As I’m training to become a coach, I’ve been studying a lot of material, including psychology, neuroscience, emotional intelligence, and more. I’ve created a 200-hour study plan, most of which is built around reading.
Leverage Your Strengths
While traditional psychology focused on diagnosing and categorizing mental disorders, positive psychology developed a framework to categorize character strengths and virtues. Here are my top 5 character strengths courtesy of a free survey provided by the VIA Institute of Character:
The premise behind positive psychology is to figure out how to leverage your strengths in your work. And to work in a field where your weaknesses don’t matter as much or to hire people with complementary strengths to minimize the impact of your weaknesses.
In any case, I found that outside of honesty, my top character strengths were all conducive to the learning process I’m going through now. I wasn’t surprised by the test results and thought about how I’d apply this finding to my upcoming coaching career. I realized that in every one of the previous businesses I had built, I eventually got bored or stopped learning.
I started by analyzing my past. I realized that in every one of the previous businesses I had built, I eventually got bored or stopped learning. How I got to that point may have differed. I may have stopped seeing a big enough reason for why I was doing what I was doing (my mobile gaming startup). Or maybe I had hit the point of diminishing returns for learning compared to the upside gained (my daily fantasy analytics business). In any case, the moment I stopped learning was the beginning of the end for each of those businesses.
Given this historical trend and the findings of positive psychology, I wanted to figure out how to create a sustainable approach to my coaching business. That’s when I realized that I wanted to be a lifetime learner of psychology. The great thing is that there are always discoveries being made, so there would be no shortage of new things to learn. And I enjoy the challenge of applying theory to real-world applications.
Since I’m going to commit to being a life-long learner, I started asking myself whether my approach to learning was effective. In essence, I wanted to learn how to learn again. I was reading Tony Robbins’ Awaken the Giant Within and early in the book he mentioned that he mastered speed reading at an early age. This helped him voraciously read a lot of books to accelerate his learning.
Increase Your Learning Bandwidth
I immediately did some searching and found a Udemy course on speed reading. I took some speed reading tests and found that I read at around 300-400 words per minute (wpm). I discovered that top speed readers can exceed 1,000 wpm. I was pleasantly shocked. If I could increase my reading speed to 600-800 wpm, I could double the knowledge I could acquire in the same amount of time!
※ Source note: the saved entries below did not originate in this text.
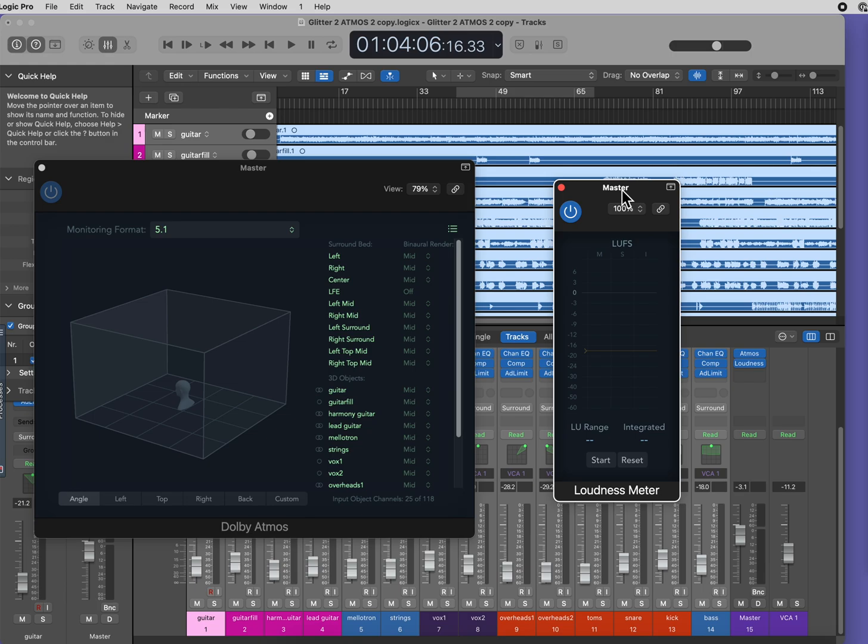If you would like me to mix your multitracks to Atmos or stereo, or if you'd like me to upmix your stereo file to Atmos if you can't find your stems, go to the link below. I hope you have a great day, and happy mixing!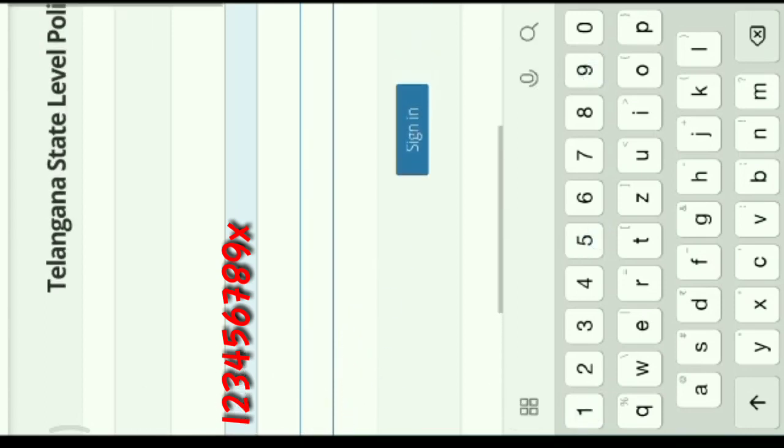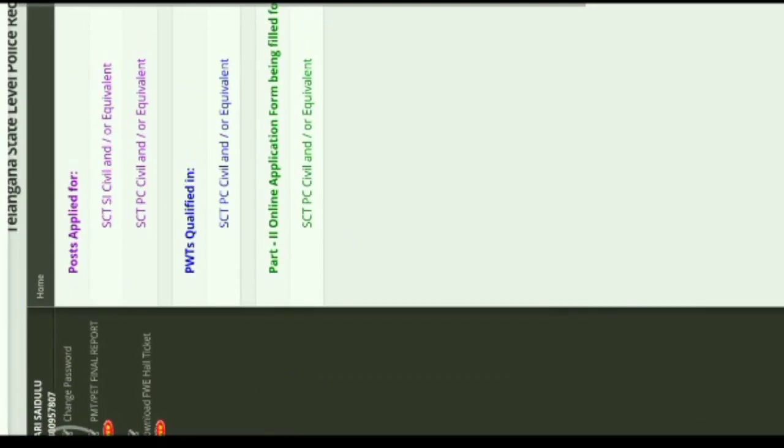Log in, then go to the top left corner to change the password. Download PWP all ticket, FWP all ticket, SCT or PC. PCC will not be equivalent.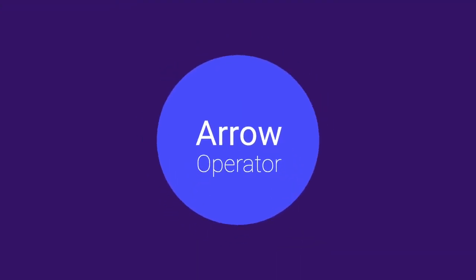In this video we are going to understand about arrow operators. Arrow operators are basically a replacement of function keyword in JavaScript, so let's try to understand by using it.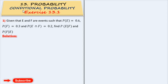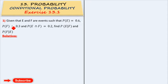In the conditional probability chapter, exercise 13.1 — even in exercise 13.1, the first sum: given that E and F be the two events. Probability of E is 0.6, probability of F is equal to 0.3, and probability of E intersection F is equal to 0.2. Find the probability of E given F, and the probability of F given E.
At the time, I had recently read Wait Buy Why’s breakdown of Elon Musk’s new business, Neuralink. A key aspect of the technology was improving bandwidth between the brain and the external world. Internet speeds improved in bandwidth over time from dial-up (50 kb/s) to broadband (50 Mb/s) — a 1,000x improvement (!) — in less than 30 years. Part of Neuralink’s goal is to increase typing, talking, and reading speeds to match thinking speeds.
It all started to come together for me how I could learn how to learn better. An important point to note from the communication speed graph is a quote from Elon Musk: “The data rate of reading is much greater than when somebody’s talking.” So to accelerate my learning, I’d focus on reading as the primary input mechanism and increase my reading speed.
Improve Your Memory
An important early lesson from the Udemy speed reading course was that increasing your bandwidth (reading speed) doesn’t help if your memory storage is limited. Research in 2016 showed that the human brain could store the entire internet, or a quadrillion bytes. So if hardware isn’t a problem, then the software or storage process should be modifiable to increase memory retention.
Here are some tactics to improve memory retention:
- Spaced Repetition
- Mind Maps
- Feynman Technique
- Method of Loci
- Chunking
- Visualizing words while reading
Here’s another Elon Musk quote in a Reddit AMA on order of operations of learning: “One bit of advice: it is important to view knowledge as sort of a semantic tree — make sure you understand the fundamental principles, ie the trunk and big branches, before you get into the leaves/details or there is nothing for them to hang on to.”
As I continue on my journey, I’ll be applying the Feynman Technique by summarizing my psychology learnings and how they apply to startup CEOs.